I think that happened to me a long time ago on a server, which is why I'm always nervous doing it.
THOUGH thanks to ML I'll never have another RAID 5 array, so no need to worry!
It doesn't do that for any other RAID level?
And I am assuming RAID 5 of SSDs wouldn't do that?
-
@BRRABill SSDs do suffer from mechanically induced failed like Winchester drives.
-
RAID 6 induces even more immediate wear and tear so is even more likely to kill off a second drive at the time of drive replacement PLUS has one extra drive to have fail but can withstand losing one additional drive so is dramatically safer overall.
-
@scottalanmiller said:
@BRRABill SSDs do suffer from mechanically induced failed like Winchester drives.
Is the rate the same? Or is this a random (but common) thing?
-
@BRRABill said:
@scottalanmiller said:
@BRRABill SSDs do suffer from mechanically induced failed like Winchester drives.
Is the rate the same? Or is this a random (but common) thing?
Sorry that was a typo. SSDs do NOT suffer mechanically induced failure.
-
Oh. Phew.
What is the point of RAID if that happens?
That's it. I'm quitting IT.
I've had enough.
-
@BRRABill not much point to RAID 5, that's what we've been saying for years. By 2009 it was so dangerous that it was actually worse in most cases than doing nothing at all.
-
Well this server is from well before 2009.
It's a miracle nothing has happened yet.
-
That is indeed pretty old.
-
I'm not going to say exactly HOW old because I've not sure I can take any more heads shaking at me this month. LOL.
-
@BRRABill said:
0 anxiety scale because that kind of stuff always makes me nervous. Anyway, no problem, I have spare drives on the shelf ready to go. I pull out the
In complete honesty I will admit that one time I was cold swapping a failed drive in a proliant dl360G5 and replaced the wrong one. Fortunately the server wouldnt even boot and I was able to power it down, sort it out and bring it back up. Since then I will never run a server without the backplane kit and hot swappable drive caddies with the status indicator LED.
-
@BRRABill Sounds like a situation I had to deal with last year where an organization was running Dell PowerEdge 2950 Gen II pizza boxes. I tried reasoning with them explaining that 9 year old servers should not be production machines for mission critical systems. They didn't seem to care about business continuity until they started failing.
-
@drewlander said:
@BRRABill Sounds like a situation I had to deal with last year where an organization was running Dell PowerEdge 2950 Gen II pizza boxes.

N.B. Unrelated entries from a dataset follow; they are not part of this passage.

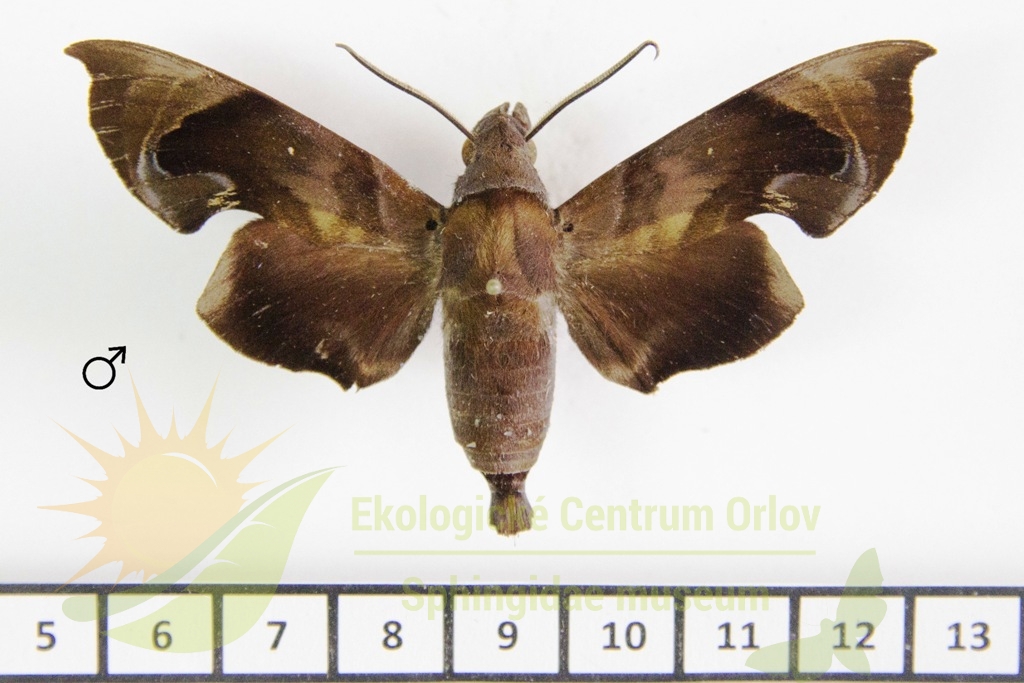 5962 Eurypteryx obtruncata 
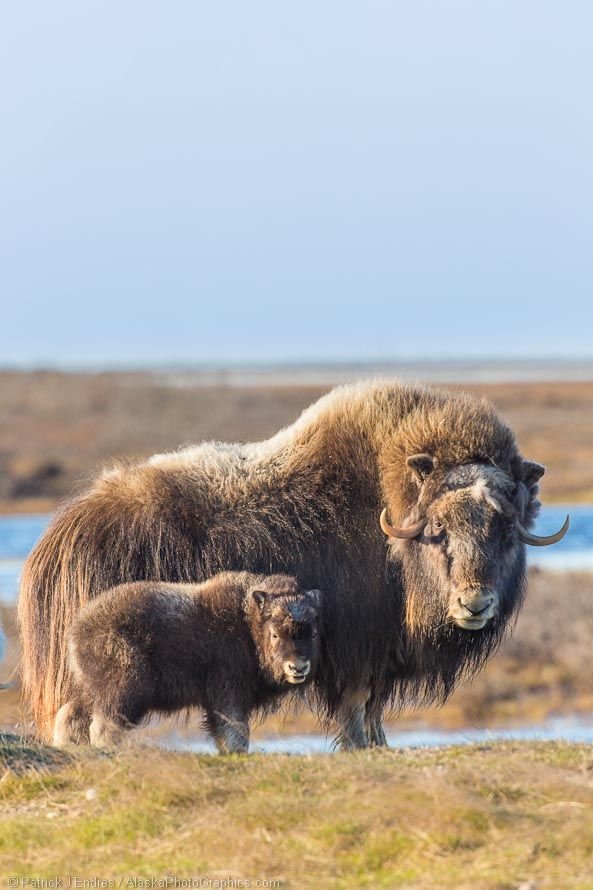 How Muskoxs Raise Their Young In The Wild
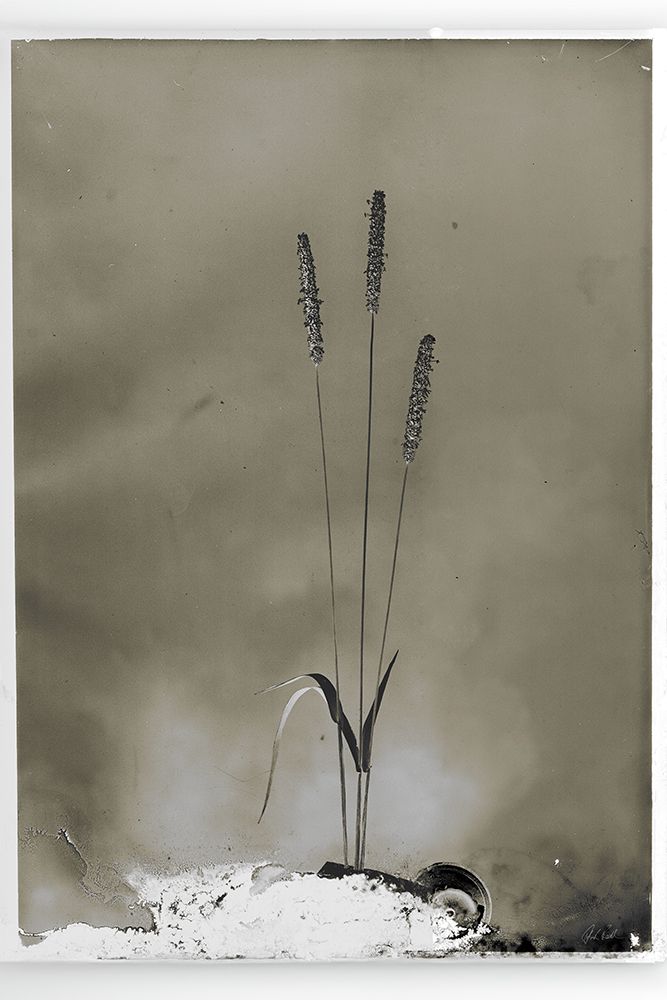 Glass Plate Botanical IV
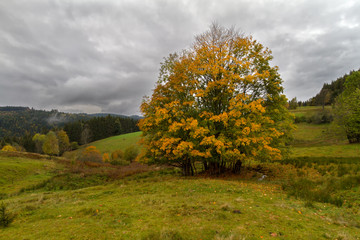 Fototapeta premium Single tree at autumn in Black Forest, Germany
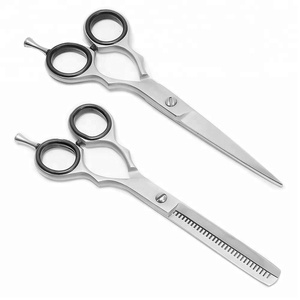 RHS Professionnel Ciseaux De Coiffure Ciseaux de coupe de Cheveux Ensemble - Product Image 1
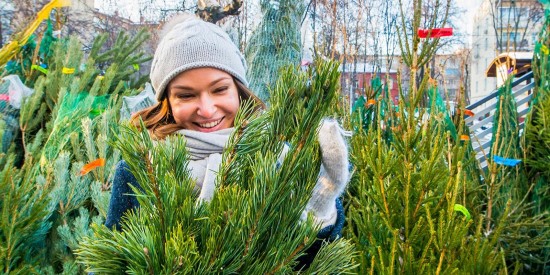 В Котловке заработали елочные базары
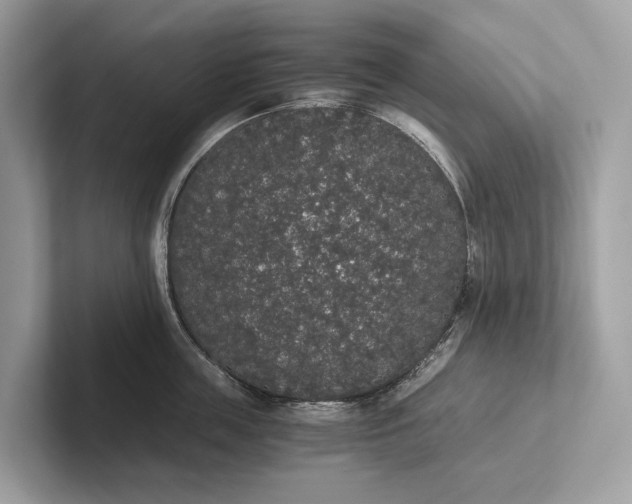 X0000101390859200807211012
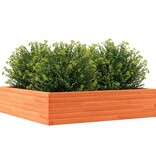 VidaXL Plantenbak 100x100x23 cm massief grenenhout wasbruin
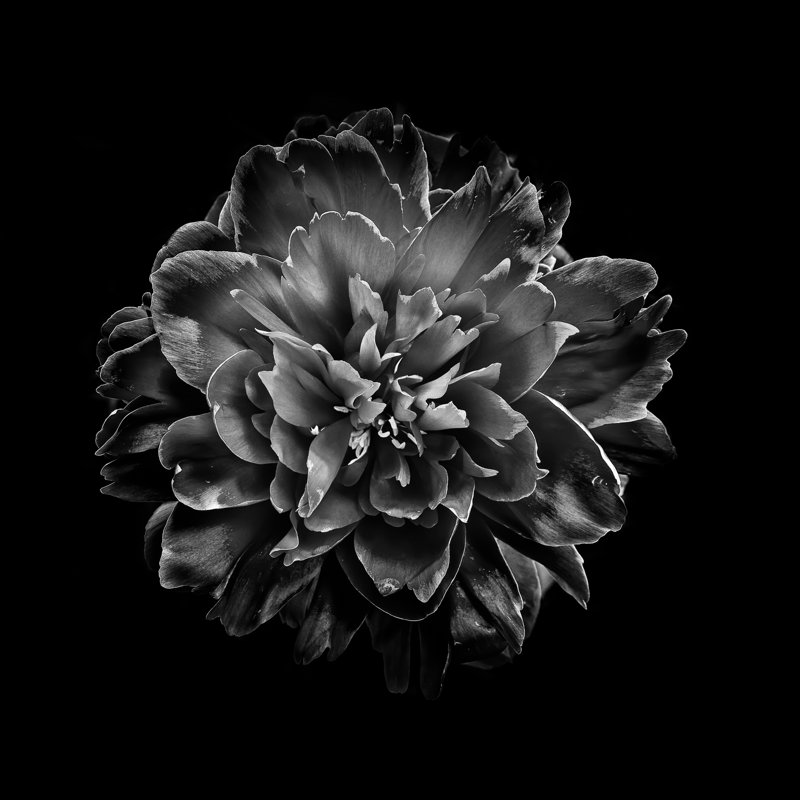 Black And White Camelia IV by Brian Carson - Wrapped Canvas Print, 76cm H x 76cm W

I tried reasoning with them explaining that 9 year old servers should not be production machines for mission critical systems. They didn't seem to care about business continuity until they started failing.
This was a PowerEdge 2800. I've been kind of proud of the fact that I kept these things up and running for so long. And considering the low RAM and age, they still run awesome.
BUT ... like I said it's a miracle that things haven't gone south quicker. The second drive that failed was a replacement drive, which of course was not new.
Key point, as in anything, is to always have a good backup.
-
We once had a set of Compaq Proliant 800s that made it a decade without failing. They were all retired effectively still healthy - just old and worthless.
-
@scottalanmiller said:
We once had a set of Compaq Proliant 800s that made it a decade without failing. They were all retired effectively still healthy - just old and worthless.
That's about where we are. I've hung lucky mementos in there, and am hoping for the best.
I actually have a construction paper good luck charm a vendor's wife once gave me a long time ago (before these servers even) that's actually hanging in there. It has done it's job pretty good so far.
-
True story. Right after I posted that last post, I went into the server room to take a picture of this paper good luck charm. On the way back down the hall, the building's power went out, and has been out the past 3 hours. This week is just AWESOME!
Anyway, here is the picture:
Note the failed DELL right below it.
It did its job for many years, though. No complaints.
-
P.S. If anyone can read that, and it DOESN'T say good luck, please don't let me know.